1. Bias and Fairness at Fleet Scale Intermediate
Bias in a machine learning model is not new, and the textbook account treats it as a property of one model fit to one dataset. Distribution changes the account in two ways that this book must name because they are scale effects, not single-machine effects. The first concerns where the data comes from. A distributed or federated training run, of the kind built in Chapter 14, draws its data from many sites whose distributions differ, the non-IID condition that makes federated optimization hard in the first place. When the sites are geographically skewed, when one region contributes ten times the data of another, or when whole populations are absent from the training fleet, the aggregated model inherits that skew. It fits the well-represented groups and underserves the rest, and it does so not by accident of a single bad batch but as a structural consequence of how the data was partitioned across the fleet.
The second change concerns where the model goes. A single-machine model serves a single stream of requests; a fleet-served model answers a population. When a model is replicated to a billion edge endpoints, as in the on-device deployments of Chapter 34, every bias it carries is applied uniformly to everyone the fleet reaches. Replication, the property that makes the serving fleet reliable and fast, is exactly the property that makes its bias universal. A disparity that would affect a handful of users from one model instance affects the entire underserved population from a fleet of identical instances. Scale does not dilute the harm; it broadcasts it.
The two forces that make a distributed AI system powerful each have a fairness cost. Replication, which gives the serving fleet its reliability, applies any learned bias identically to every user the fleet reaches, so a model that is slightly unfair on one box is uniformly unfair across a billion. Aggregation, which gives federated training its reach, can average away a minority's signal when one region's data dominates the combine step, so the global model fits the majority and the per-region disparity never appears in the global loss. Both costs are invisible to a metric computed on one node. Seeing them requires measuring fairness the way the system already measures everything else: per group, per shard, rolled up across the fleet.

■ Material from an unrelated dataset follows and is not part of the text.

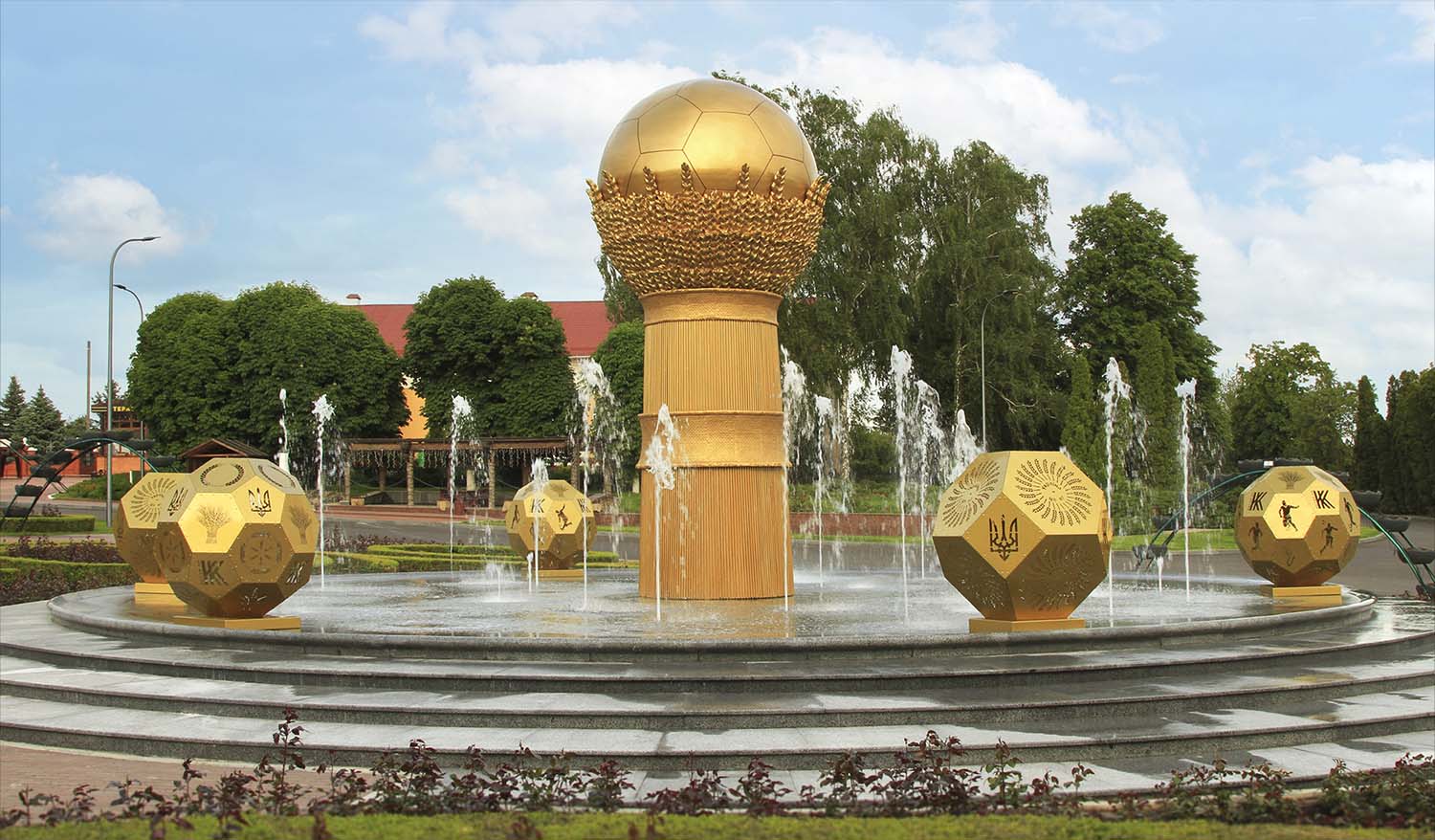 "FC Kolos" - Public art fountain with a sculptural composition - Фото №4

Measuring fairness at this scale is itself a distributed-aggregation problem, and that is the useful news. The fairness metrics of Chapter 5 are group rates, and group rates are sums; sums roll up across a fleet with the same collective that rolls up a gradient. Consider the demographic-parity difference, the gap between the rate at which a model produces a favorable outcome for two protected groups $A$ and $B$. With $\hat{y}=1$ denoting the favorable decision and $G$ the protected attribute, it is
$$\Delta_{\mathrm{DP}} = \bigl| \,P(\hat{y}=1 \mid G=A) - P(\hat{y}=1 \mid G=B)\, \bigr|.$$Each probability is a positive count divided by a group total. If shard $k$ reports its local positive count $p_{g,k}$ and total $n_{g,k}$ for each group $g$, the fleet-wide rate is the all-reduced sum of the counts over the all-reduced sum of the totals,
$$P(\hat{y}=1 \mid G=g) = \frac{\sum_{k=1}^{K} p_{g,k}}{\sum_{k=1}^{K} n_{g,k}},$$so the global fairness gap is computed from two per-group all-reduces, one for the positives and one for the totals, and nothing larger ever leaves a shard. The equal-opportunity gap is the same arithmetic restricted to the truly-positive subgroup, comparing true-positive rates rather than overall positive rates. The point is structural: the fairness audit of a billion-endpoint fleet is one collective over per-group counters, cheap enough to run continuously, and the only reason it is ever skipped is that nobody wired the counters in.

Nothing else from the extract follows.